His broad takeaway from the experiment: “We didn’t really learn anything spectacular from machine learning that we didn’t already know.”
The Good
That said, the results of the algorithmic project, which was based primarily on geologic data from about 1,600 of Pioneer’s Permian wells, achieved outcomes that show the current state of the programming technology is capable of validating some big completion decisions.
Perhaps most noteworthy is that the machine learning models agreed with the operator’s new plan to step up the size of its hydraulic fracturing treatments to generate more production.
For context, Pioneer’s latest “3.0+” completion design uses a base recipe of 60 bbl of water, and 3,000 lb of sand per lateral foot, representing some of the biggest jobs the company has ever done.
In one exercise, more than 10,000 iterations of completion designs were modeled and the best performers, both on a production and economic basis, were those that called for larger volume fracturing jobs.
“And that kind of jibed with what we thought internally,” said Parkhurst, who added that the company was surprised by, but is now testing, one model-based suggestion to increase its fracture stage lengths and tighten up perforation clusters in one of its development areas.
Without naming the technology vendors, or who came out on top, he also said that the models were “intelligent enough” to confirm that what drives performance in horizontal wells is fluid volume, sand loads, cluster spacing, stage lengths, and well spacing—and generally in that order.
Perhaps more interesting and surprising though is that the fracturing fluid type—i.e., slickwater, crosslink gels, or hybrid fluids—was not shown to be a primary productivity driver.

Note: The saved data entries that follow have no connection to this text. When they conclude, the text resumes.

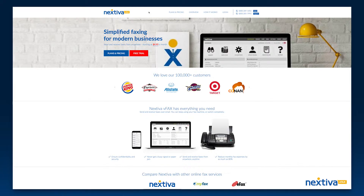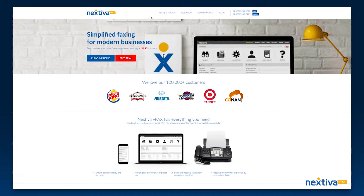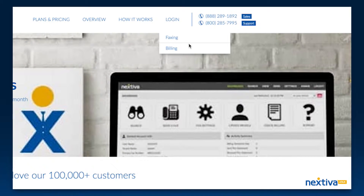Next, navigate to www.nextivafax.com. From the site, you have the option to log in to the Nextiva vFax portal and your billing portal. To send and view faxes, as well as set up notifications and update your settings, click Fax to log in to your vFax portal.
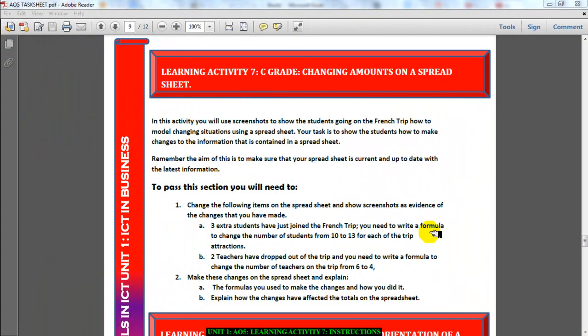Ladies and gentlemen, this is what you need to do for learning activity 7. You need to change different amounts on your spreadsheet and explain what the changing actually caused, or what happened in the spreadsheet.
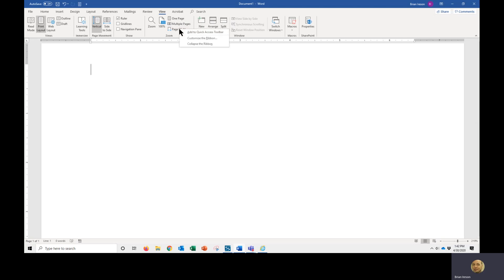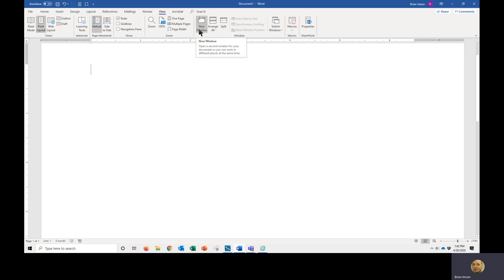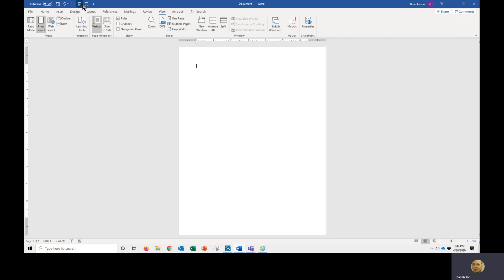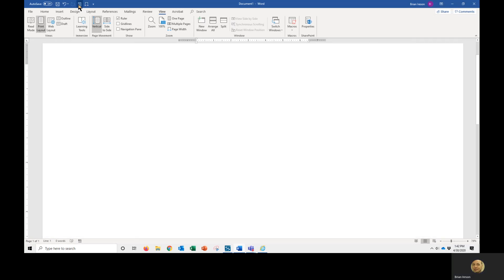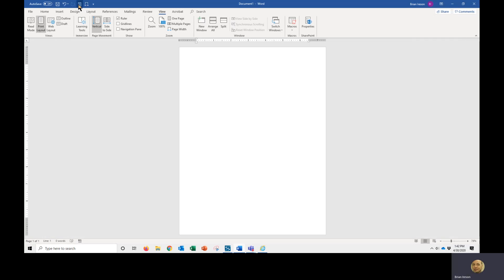I will also repeat that for the Page Width button and add that to the Quick Access Toolbar. Now we have two new buttons that we can always access without having to leave the tab that we're on, to work more efficiently in Word. Thank you.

The reasoning behind this was not elaborated on, but Andrew Sommer, a senior coordinator of technology strategy at Pioneer, commented that, “The way you build models has a big impact on certain features, so take it all with a grain of salt.”
Still, Pioneer has enough confidence in machine learning to begin using it for other important planning tasks such as generating well decline curves. This work is underway, but the research engineers were careful to point out that these new machine learning-based decline curves will be used only for budgeting purposes, and that traditional decline curve analysis, done by humans, will still be used for reserves estimation.
The Not So Good
Though there were some wins, the models delivered a number of disappointing results, which were chalked up to a combination of insufficient data and the brittleness of the computing technology.
Using a subset of data from about 1,000 wells, the models were asked to estimate first-year production results and, “did a pretty good job of predicting performance,” according to Parkhurst. But when given the same challenge using data from only 400 wells that tap into a different rock layer, the modeling products were much less accurate.
The conclusion, which may be humbling for smaller operators, was that data from 400 wells is probably not enough to build a good production forecasting model.
This underscores that the models (specifically those based on the random forest approach) are heavily dependent on large volumes of high-quality data. Without it, they tend do a poor job at extrapolating trustworthy predictions. When seemingly large data sets are still not enough, it was advised that companies try supplementing their internal inputs with public data.
Other related shortcomings were highlighted when the models largely underestimated the actual production results of the most recent completion well designs. In addition, they would tend to over-predict production from some of the company’s poorest producers.
The models also fell victim to being confused by extraneous data. Pioneer saw that if well names, or the name of the wells’ home counties, were included, the models would rank those variables as key performance drivers. This was said to “short circuit” more quantifiable performance drivers.
More digestive problems were experienced when the models tried to use other qualitative information from microseismic surveys and hydraulic fracture models.
Such data sets are often subject to interpretation, and are therefore are difficult to feed into models without context. So the research team overseeing the project ended up turning to petroleum engineering experts to help do this correctly.
Parkhurst said the lesson here was that operators taking similar analytics journeys should not over-rely on data science teams, or their emerging digital tools, to come up with all the answers by themselves.
“We tried that and it didn’t work very well,” he said, adding later, “I think the good news is that we’re all going to still have jobs in the future because machine learning is not going to be able to do everything.”